MATERIAL FOR THIS EXERCISE:
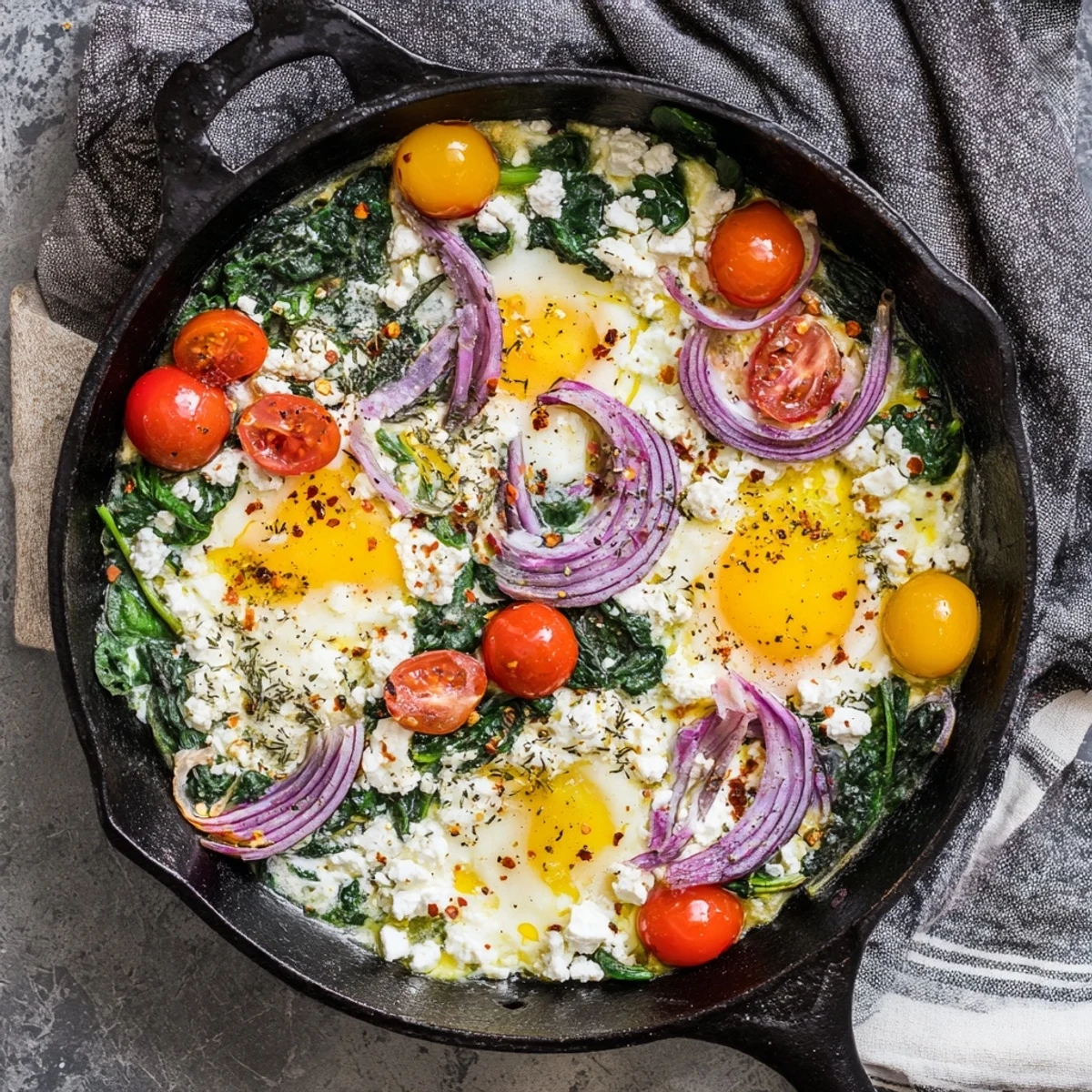 Golden baked feta eggs with juicy tomatoes and fresh spinach in a rustic skillet
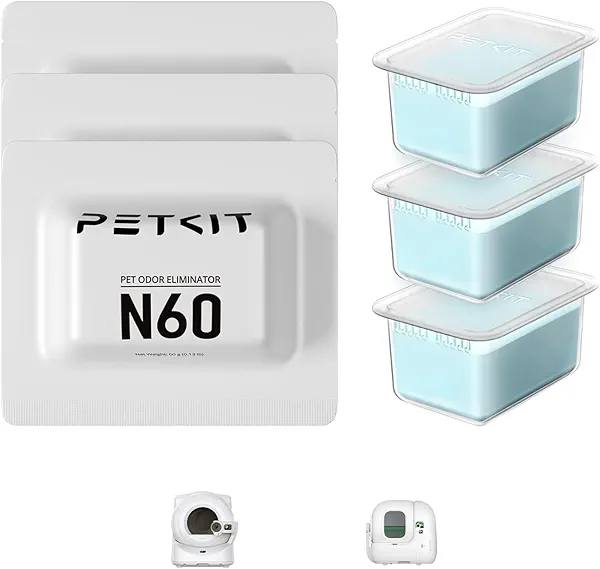 PETKIT N60 Pet Odor Control for Purobot Ultra and Purobot Max Pro Self-Cleaning Cat Litter Box, Long-Lasting Effective Litter Box Odor Remove, Natural Formula (Pack of 3)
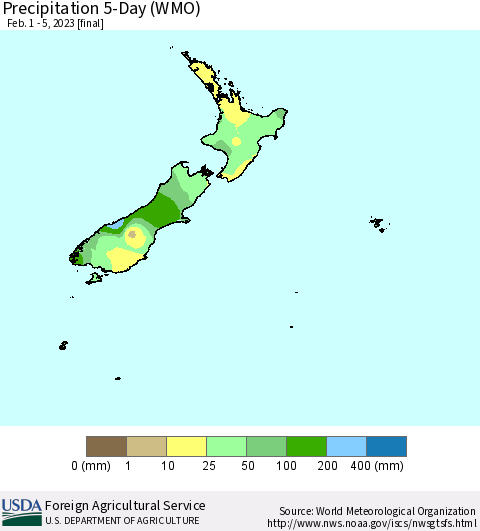New Zealand Precipitation 5-Day (WMO) Thematic Map For 2/1/2023 - 2/5/2023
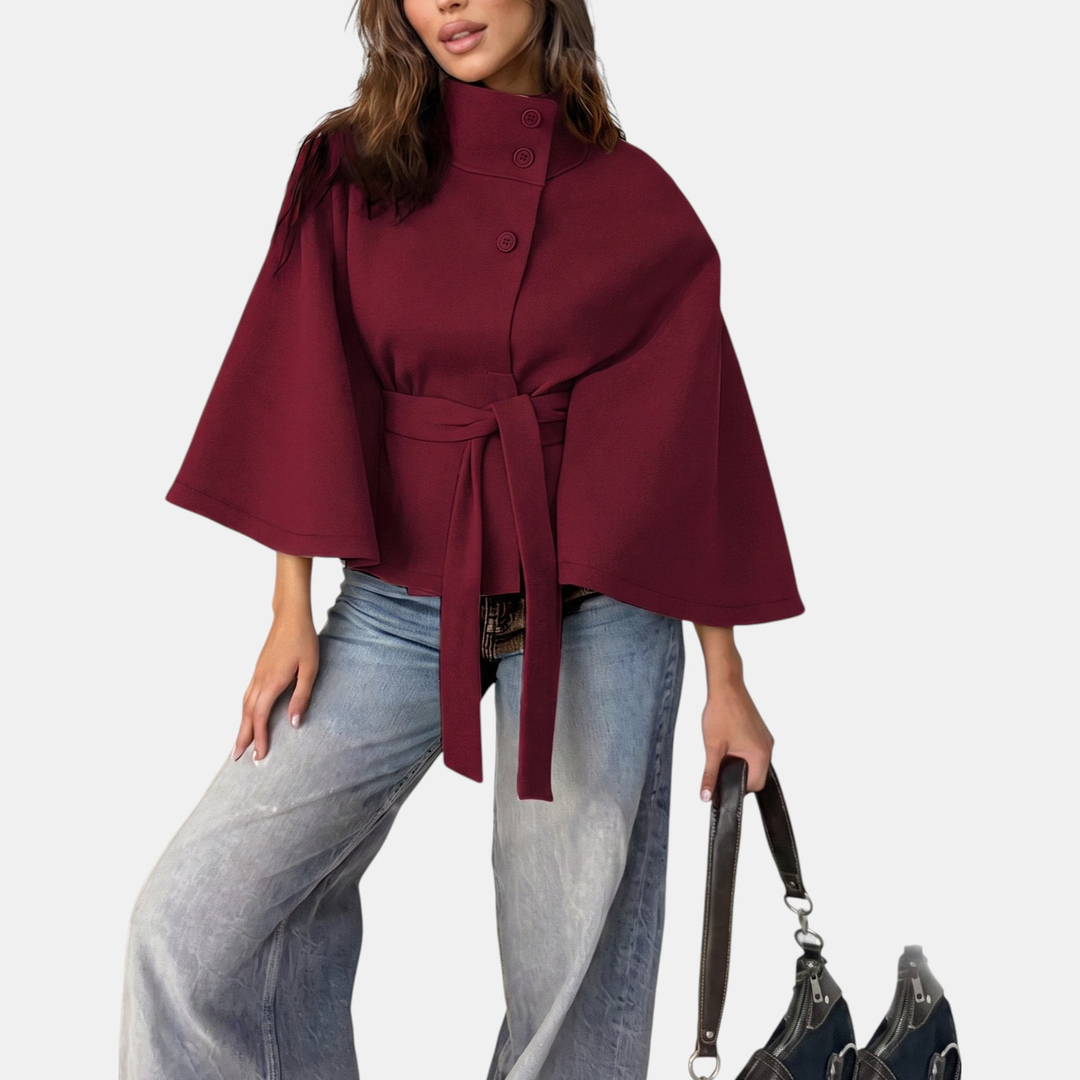 Women's Short Wool Coat, Cape Style High Collar Button Front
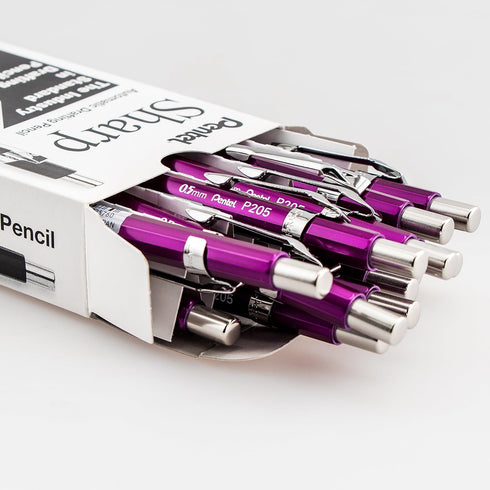 Pentel Sharp Mechanical Pencil, 0.5mm, Metallic Purple Barrel, Box of 12 (P205MV)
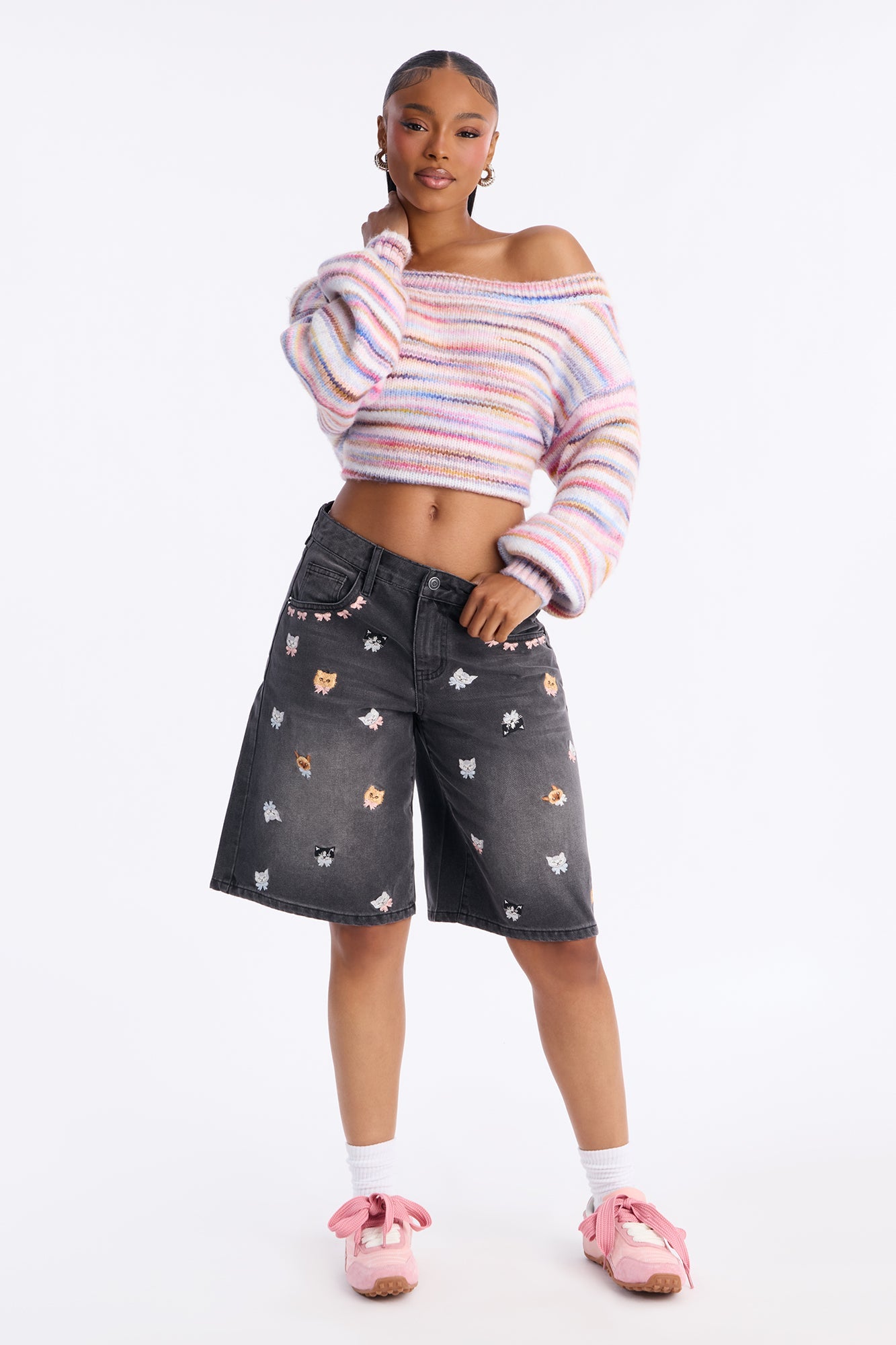 Le Chat Embroidered Denim Jorts - Grey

ACTION ITEM: If an entry above holds a picture, omit the picture but retype everything else exactly.

YOUR SOLUTION:
 Golden baked feta eggs with juicy tomatoes and fresh spinach in a rustic skillet
 PETKIT N60 Pet Odor Control for Purobot Ultra and Purobot Max Pro Self-Cleaning Cat Litter Box, Long-Lasting Effective Litter Box Odor Remove, Natural Formula (Pack of 3)
New Zealand Precipitation 5-Day (WMO) Thematic Map For 2/1/2023 - 2/5/2023
 Women's Short Wool Coat, Cape Style High Collar Button Front
 Pentel Sharp Mechanical Pencil, 0.5mm, Metallic Purple Barrel, Box of 12 (P205MV)
 Le Chat Embroidered Denim Jorts - Grey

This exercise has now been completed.